Is a sector carbon deal the best choice?



The sectors with largest carbon emissions should jointly agree on a global sectoral system that integrates carbon and trade.
The Cancun Summit will be a one more step on the road to establishing a workable framework for reducing global carbon emissions. But, a global climate deal focused on economy-wide carbon emissions targets seems to be insufficient.
Following last month’s midterm elections, it’s quite certain that the US will be unable to subscribe to any legally binding commitment at the UN negotiations over the next couple of years. But, also public and sovereign debt will inhibit Europe's leadership, and Japan will be hard-headed in replacing the existing Kyoto framework with one that encompasses all major carbon emitters. While, emerging markets will be keen to perpetuate the current regulatory structure while avoiding any measures that inhibit their ability to grow or that result in foreign accountability of their carbon emissions performance.
However, a patchwork of carbon regulations will continue to develop in the absence of a global climate agreement. The two largest examples are the EU's Emissions Trading Scheme (ETS), and the Western Climate Initiative's cap-and trade scheme for seven western U.S. states that is due to start in 2012. Other carbon controls are in the pipeline in countries such as Japan, South Korea, China, Mexico and Australia.
Conscious of the dilemma, the Mexican government has worked to escalate the role of businesses in the policy-making process. What can we expect from business at COP16 and beyond? It's time that policymakers gave a more prominent role to businesses by formalizing and institutionalizing their participation in climate policy negotiations.
Steel and cement industries alone account for some 15% of global emissions
Just five industrial sectors account for 20% of global carbon emissions and these sectors are concentrated in a small number of countries. Steel and cement industries alone account for some 15% of global emissions, and they could reduce their carbon emissions by 35% from 2000 levels by 2030 by using technology available today.
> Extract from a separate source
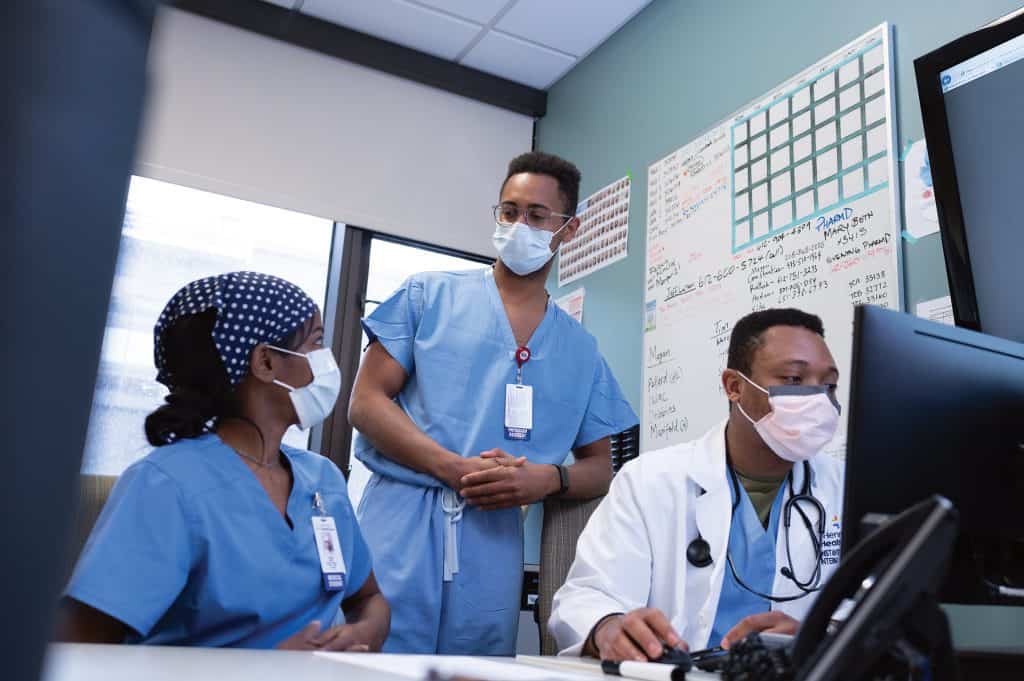 black residents with masks at computer discussing patient case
Those reductions would be equivalent to the entire annual carbon emissions of the Japanese economy.
This does not necessarily mean that sector carbon deals are an alternative to a global climate deal in Cancun. A binding and ambitious global climate deal is of course the optimal outcome. The question is how to allow these sectors to agree to carbon emissions reductions globally without putting their particular countries at a competitive disadvantage. This should not be about imposing rules on others, but rather about jointly agreeing on a global sectoral system that integrates carbon and trade.
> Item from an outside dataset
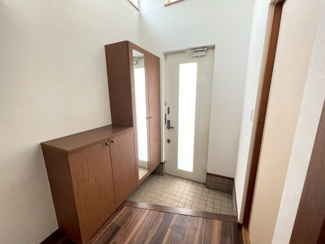 【玄関】 | 東金市季美の森東１丁目　中古戸建　JR外房線【大網駅】 | 吹き抜けから光が差し込み、開放感のある空間。木目調の機能的なシューズボックスは一部がトールサイズで全身鏡が付いており、外出前の身だしなみチェックに便利です。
Innovative systems that combine performance incentives (such as Japan's Top Runner program) with border adjustment measures could be an effective first step. Using carbon emissions performance-based benchmarks, free allowances or rebates could be used for exporters, and combined with border adjustments such as tariffs, taxes or allowance purchase requirements for imports. Technology diffusion and funding for R&D in breakthrough technologies should also play a role.
The key principle is that if we were to go down the route of sector-based policies, trade and carbon issues could be brought together. They are, of course, only one of the ways to deal with the implications from multiple and disconnected carbon policies. But, given the unlikely outcome of any global deal, now is the time for the private sector to step forward and take the initiative.